───── SUPPLIED RECORDS ─────

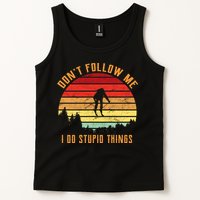 Retro Skiing Don't Follow Me I Do Stupid Things Tank Top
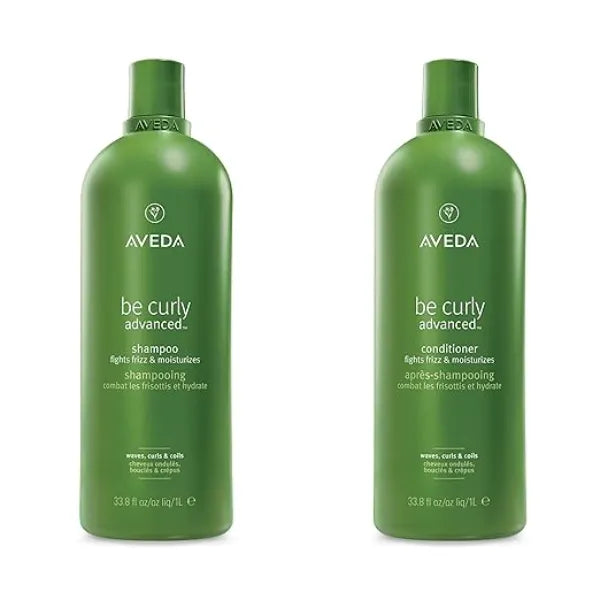 Aveda Be Curly Advanced Shampoo & Conditioner Duo for Curly, Coily, Wavy Hair Fights Frizz Silicone Free, Sulfate Free Liter Size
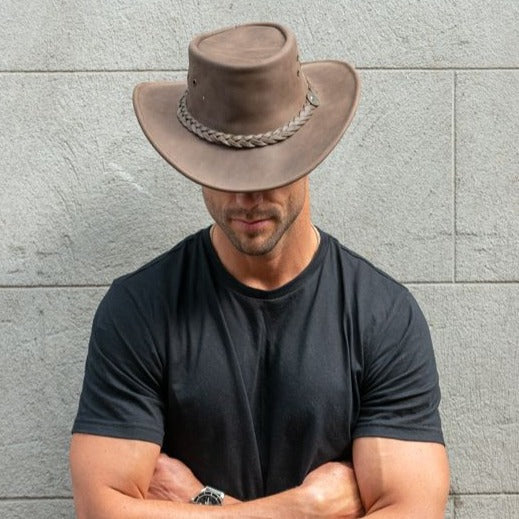 Leather Hat -Mens -Australian Made- Barmah-Lightning Ridge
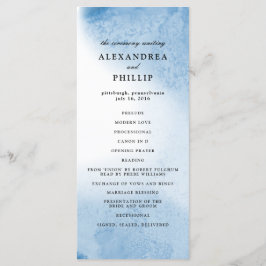 Ombre Watercolor Wedding Program | Blau Programm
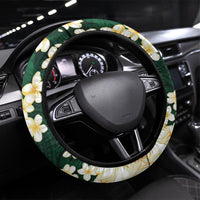 Hawaii Hibiscus Plumeria Green Steering Wheel Cover Polynesian Pattern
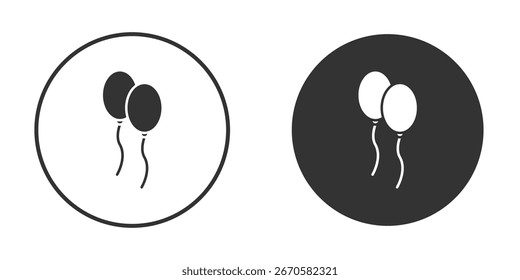 Balloons icon in trendy flat design versions in black and white.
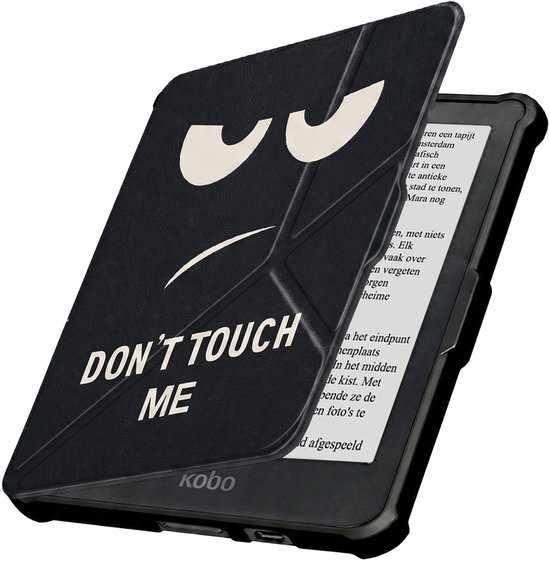 Hoesje Geschikt voor Kobo Clara HD Hoes Book Case Trifold - Hoes Geschikt voor Kobo Clara HD Hoesje Book Cover - Don't Touch Me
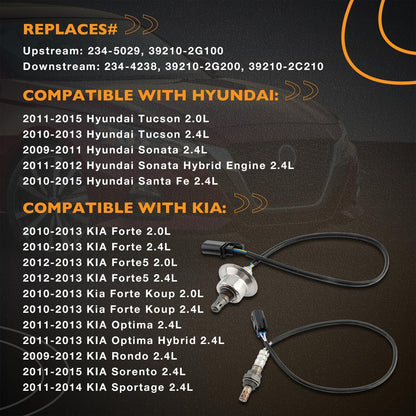 Upstream & Downstream O2 02 Oxygen Sensor For KIA Sorento Forte Hyundai Sonata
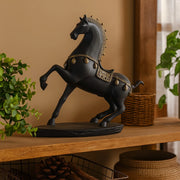 Calista Graceful Jumping Horse Figurine 32cm in Black Gold - HomeTown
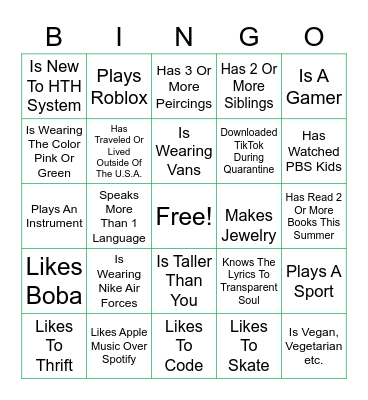 Find Someone Who... Bingo Card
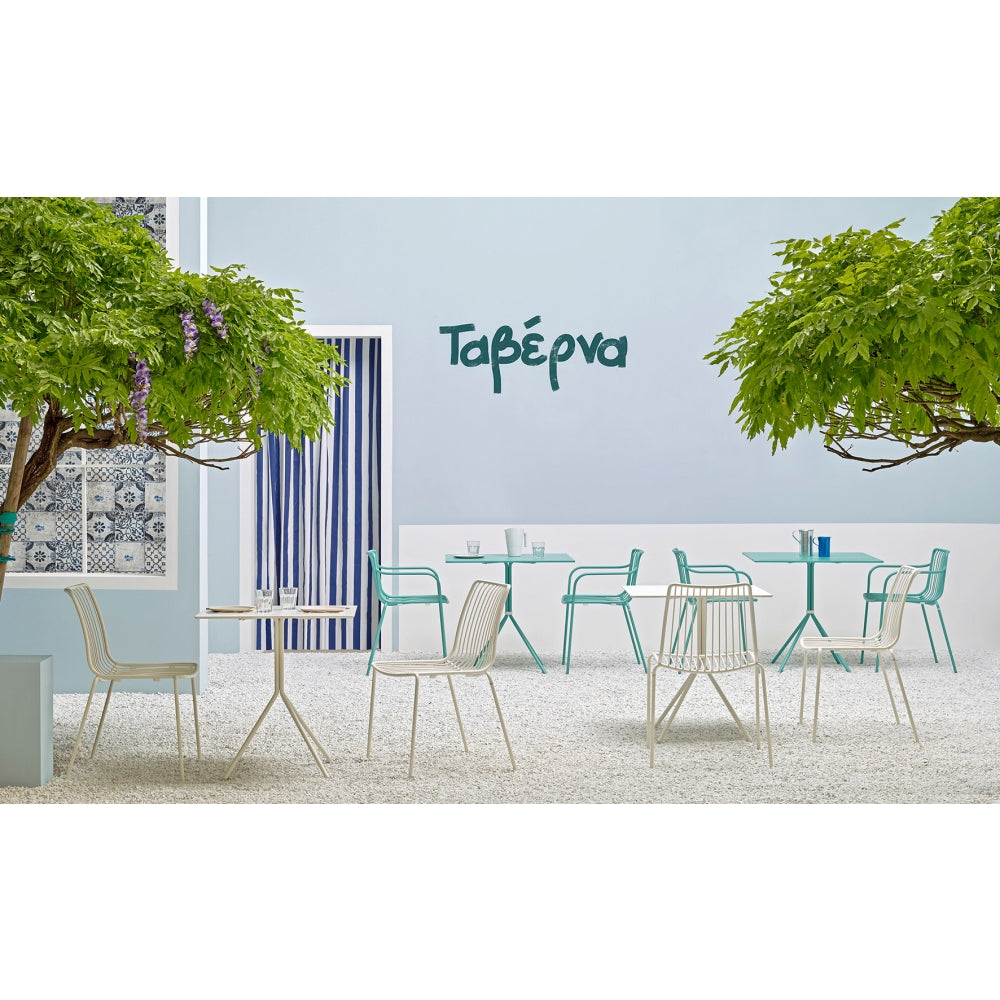 Metall Gartenstuhl terracotta, Gartenstuhl gelb Metall, Outdoorstuhl terracotta Metall, Höhe 84 cm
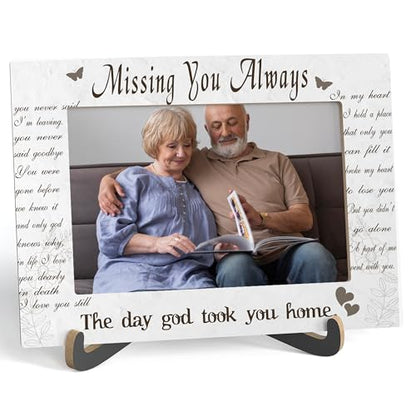 Memorial Photo Frame - Missing You Always - Wooden Tabletop Picture Frame With Stand, Sympathy Gifts For Loss Of Loved One, Bereavement Remembrance Gifts For Women -B39 - style: Missing You Always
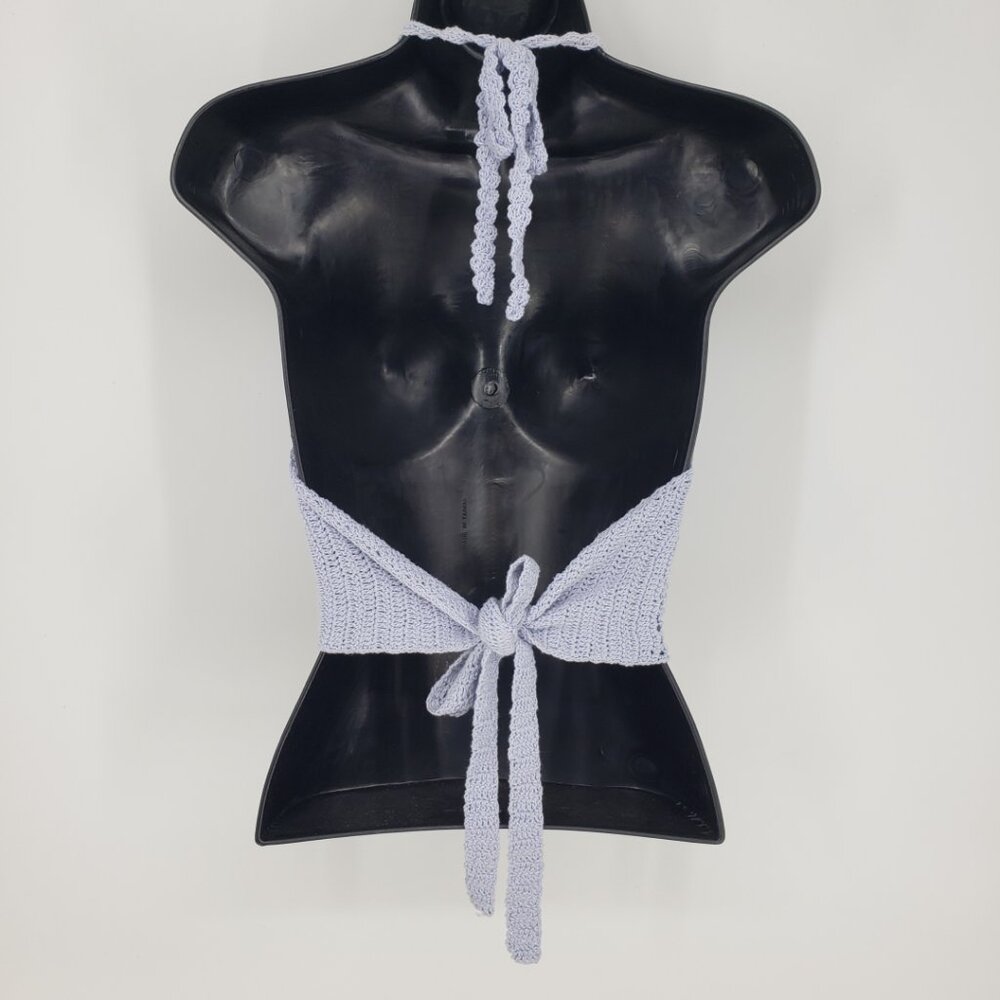 3/$25 Kendall & Kylie Crochet Knit Cropped Halter Top L Boho Backless Ties Blue - Picture 2 of 7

─────

EXERCISE DESCRIPTION: In the copy, include no pictures; otherwise transcribe the entries exactly.

SOLVED PROBLEM:
 Retro Skiing Don't Follow Me I Do Stupid Things Tank Top
 Aveda Be Curly Advanced Shampoo & Conditioner Duo for Curly, Coily, Wavy Hair Fights Frizz Silicone Free, Sulfate Free Liter Size
 Leather Hat -Mens -Australian Made- Barmah-Lightning Ridge
 Ombre Watercolor Wedding Program | Blau Programm
 Hawaii Hibiscus Plumeria Green Steering Wheel Cover Polynesian Pattern
 Balloons icon in trendy flat design versions in black and white.
 Hoesje Geschikt voor Kobo Clara HD Hoes Book Case Trifold - Hoes Geschikt voor Kobo Clara HD Hoesje Book Cover - Don't Touch Me
 Upstream & Downstream O2 02 Oxygen Sensor For KIA Sorento Forte Hyundai Sonata
 Calista Graceful Jumping Horse Figurine 32cm in Black Gold - HomeTown
 Find Someone Who... Bingo Card
 Metall Gartenstuhl terracotta, Gartenstuhl gelb Metall, Outdoorstuhl terracotta Metall, Höhe 84 cm
 Memorial Photo Frame - Missing You Always - Wooden Tabletop Picture Frame With Stand, Sympathy Gifts For Loss Of Loved One, Bereavement Remembrance Gifts For Women -B39 - style: Missing You Always
 3/$25 Kendall & Kylie Crochet Knit Cropped Halter Top L Boho Backless Ties Blue - Picture 2 of 7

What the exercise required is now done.